Responsibly Handling a migration of data from PHP app to Rails App (PostgreSQL)

I have recently rebuilt an app that was being run on a MySQL powered PHP CMS. It had a lot of production data, both DB records and files & images associated with many of those records.

I have gotten a SQL dump and pulled out the requisite info into CSV files, and I have downloaded all the files & images to my local drive.

Ideally, what I would like to do is to import those records in the CSV files into my local dev PostgreSQL install and have any files/images associated with that record uploaded to my S3 bucket via Carrierwave (BTW…all of this is setup in a vanilla way, i.e. I can create a record and upload files & images to S3 just fine).

The CSV files have tens of thousands of records.

What is the best approach to import these records locally (keeping created_at and updated_at records accurate - i.e. per the CSV and not per the datetime when it was imported)?

Also, once I have implemented this locally and I have all of this “old data” imported and S3 files uploaded to my dev bucket, how do I approach this for Heroku? Right now, I am running the free package, but I can upgrade with no issues. Should I upgrade to a fullblown PostgreSQL service? Or will the normal $9/mo PGSQL upgrade work?

If you can’t tackle the entire thing, then maybe just giving me guidance on how I can break this down into more manageable steps because it feels a bit overwhelming right now.

Thanks!

I would do the data import with Postgres directly rather than trying to run the data through a Ruby script.

The PG docs on the COPY command are here:

PGAdmin also has a pretty decent import utility if you want to get some GUI sugar on top of the import process:

If your data set is really big, scripting it through Ruby may be time and/or memory constrained.

HTH.

That sounds good for my local copy. What happens with Heroku? How do I then import these stuff to Heroku?

Also, if I don’t use a Ruby script, how do I override the automatic setting of “created_at” and “updated_at” or is that an AR feature and not a PG thing?

@marcamillion, you can connect to your Heroku database the same way you would connect to a local database. The Postgres page on Heroku shows you the connection parameters you’d need to connect via a GUI client, webapp, or command line utility.

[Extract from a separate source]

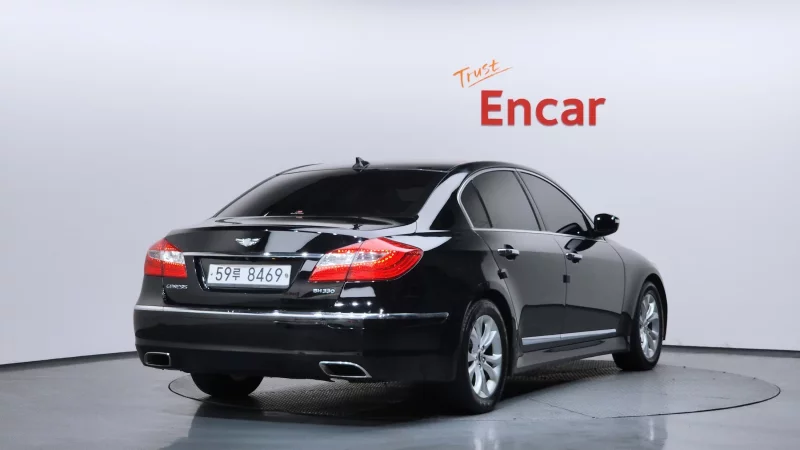 Hyundai Genesis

If you are going to move these records up to a Heroku instance then my recommendation to try to use PG and to avoid Ruby goes double. ActiveRecord has a lot of memory overhead for each record, and I have run into problems with import scripts for tens of thousands of records running out of memory on Heroku even with attempts to batch the imports into groups, etc.

1 Like

I’d suggest taking a look at http://pgloader.io/ I’ve used it in the past and it’s worked well.

3 Likes

@jondkinney, that tool looks awesome. I like the reject logs it stores.

Thanks for the responses guys. @jondkinney I concur with @geoffharcourt. That tool looks very interesting!

So @geoffharcourt for my Heroku DB, would you suggest I fork my live DB and then import these to that…and do it that way? What’s the best way to do this with zero-downtime? It would be awesome if I could do this on a fork of my production db, and then once I am happy with it, just point the production app to the forked DB and use that as production…but I am not sure how possible/feasible that is with Heroku.

Any thoughts?

Testing against a fork of your production DB (maybe your staging DB?) is a great way to check your work, but if you do the import against a fork and your users are updating other data during the import, swapping in your fork for the original is going to wipe out those changes.

Note that if you’re using the Dev plan at Heroku (the $9/mo plan), you can’t do forks. Forks are reserved for production-tier instances.

Yeh I am using the dev plan, and I am aware re: changes. The only writes we have in the DB are user registrations and creations of posts which moderators do. So while I am importing, I can freeze all writes with no issue.

By production-tier instances you mean I need to upgrade from the free (or 2-dynos) or do I need to get the standalone postgres product that they have? I know they have this - Fully Managed Database as a Service - PostgreSQL | Heroku and the regular tiers for their dynos.

Which did you mean?

You don’t need to have multiple dynos to do the fork, just a Standard-0 or higher DB: Heroku Postgres - Add-ons - Heroku Elements

Ok Thanks!